Według danych MZA w drugim kwartale bieżącego roku liderem rynku PBX/ IP PBX pod względem ilości sprzedanych linii było Cisco. Amerykański koncern w ciągu kilku lat potrafił zaistnieć w zupełnie nowym dla siebie segmencie rynku, wygrywając rywalizację z producentami związanymi przez wiele lat z rynkiem telekomunikacyjnym. Sztandarowym produktem amerykańskiej firmy jest Cisco Call Manager – system mogący obsłużyć od 100 do 30 tysięcy abonentów, producent oferuje również wersję dla mniejszych firm – Call Manager Express.

Innym ważnym graczem na rynku systemów telekomunikacyjnych jest Avaya. Siła tej firmy z pewnością wzrośnie jeszcze bardziej, m.in. dzięki wchłonięciu działu Nortel Enterprise Solution. Skuteczną bronią w walce z konkurentami może być wdrożona w tym roku nowa architektura Avaya Aura. Dużo do powiedzenia ma na światowym rynku Alcatel-Lucent, nota bene lider regionu EMEA. Firma opiera swoją ofertę na dwóch systemach OmniPCX Office – rozwiązaniu przeznaczonym dla małego i średniego biznesu oraz Alcatel-Lucent OmniPCX Enterprise – systemie dedykowanym dla korporacji. Inni producenci odgrywający ważną rolę na światowym rynku to Panasonic, NEC, Siemens czy Aastra.
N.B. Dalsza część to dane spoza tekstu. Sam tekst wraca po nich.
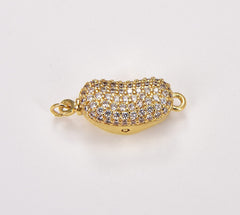 24K Gold Filled Micro Pave Cubic Zirconia, Rhinestone Clasp, CZ Micro Pave, Antique Silver Clasp, Coffee Bean, Micro Pave Charms, 21x9mm, CL286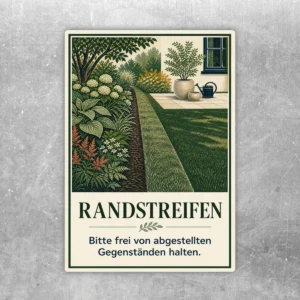 Randstreifen freihalten Aufkleber mit Gartenmotiv und Text Bitte frei von abgestellten Gegenständen halten.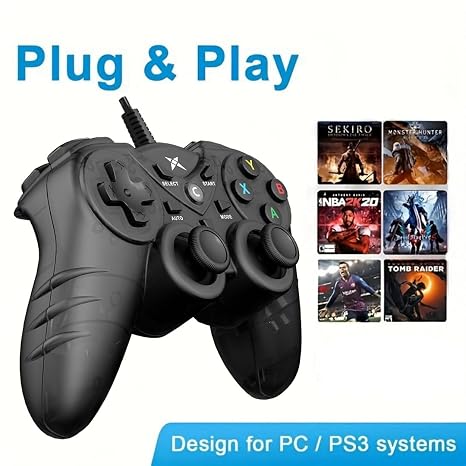 NBCP Wired PS3 PC Game Controller TV Box USB Steam Gamepad joystick Joypad with Dual Vibration Feedback Turbo Trigger for Windows 7/8 /8.1/10/ Laptop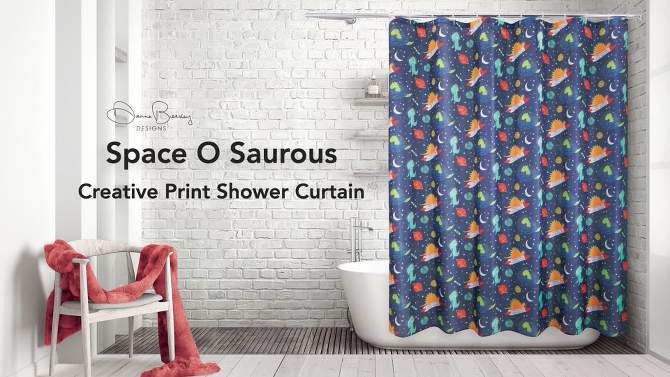 Space O Saurous Kids&#39; Shower Curtain - Allure Home Creations, 2 of 9, play video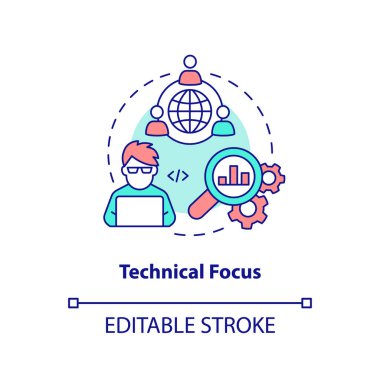 Technical focus concept icon. IT consulting for startup abstract idea thin line illustration. Diagnosing system faults. Isolated outline drawing. Editable stroke. Arial, Myriad Pro-Bold fonts used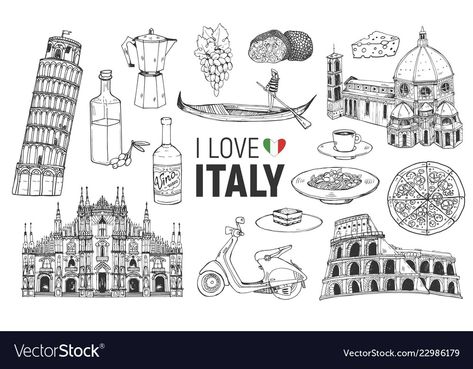 Italian Tattoos Symbols, Tattoos Of Italy, Italy Symbols, Outline Of Italy Tattoo, Italy Icons, Italy Drawing, Italy Symbols Drawing, Italy Inspired Tattoos, Italy Outline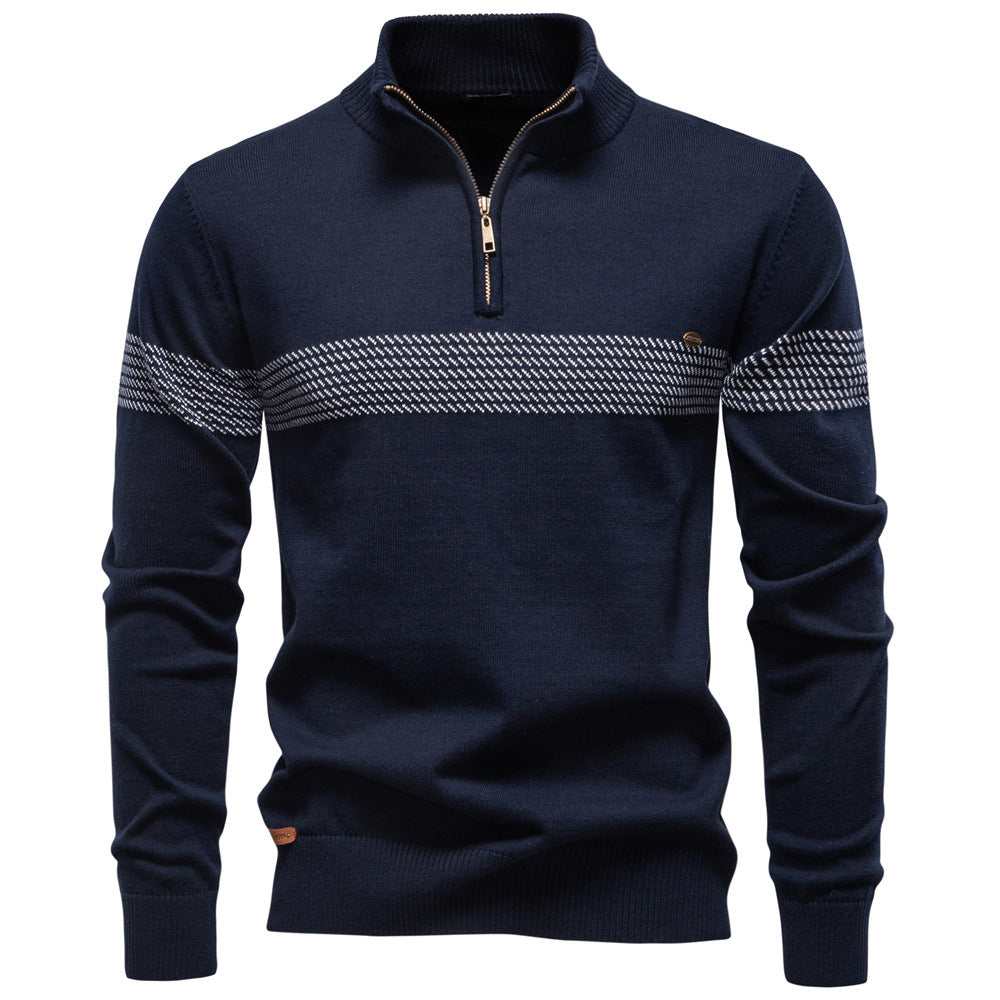 Mens Stand Collar Cotton Sweater Half Zip Top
Układ sił na polskim rynku znacząco odbiega od światowych rankingów. Nad Wisłą główne karty rozdają trzy firmy: Panasonic oraz dwaj krajowi producenci – Platan oraz Slican. Wymieniona trójka sprzedaje w Polsce blisko 60 procent linii dla odbiorców biznesowych. W pewnej mierze wynika to z popytu rodzimych przedsiębiorstw na tradycyjne systemy TDM.

Jednak wymienione firmy oferują również systemy IP PBX. Panasonic od niedawna sprzedaje w Polsce sieciowe platformy KX-NCP1000NE, KX-NCP500NE oraz KX-TDE 100. Slican oferuje, m.in. serwery MAC 6400 oraz CXS-0424. Na uwagą zasługuje również system Prima – najnowszy produkt Platana. Urządzenie oferuje trzy porty VoIP w wyposażeniu standardowym. Oprócz tego ma możliwość podłączenia tradycyjnych łączy analogowych i ISDN. Marcin Tułodziecki zdaje sobie sprawę, że nie wszyscy klienci od razu wykorzystają VoIP. Niemniej nawet jeśli niewielki procent użytkowników odkryje zalety nowej technologii, przekazując dalej pozytywną opinię, rynek systemów IP będzie powoli rósł w siłę.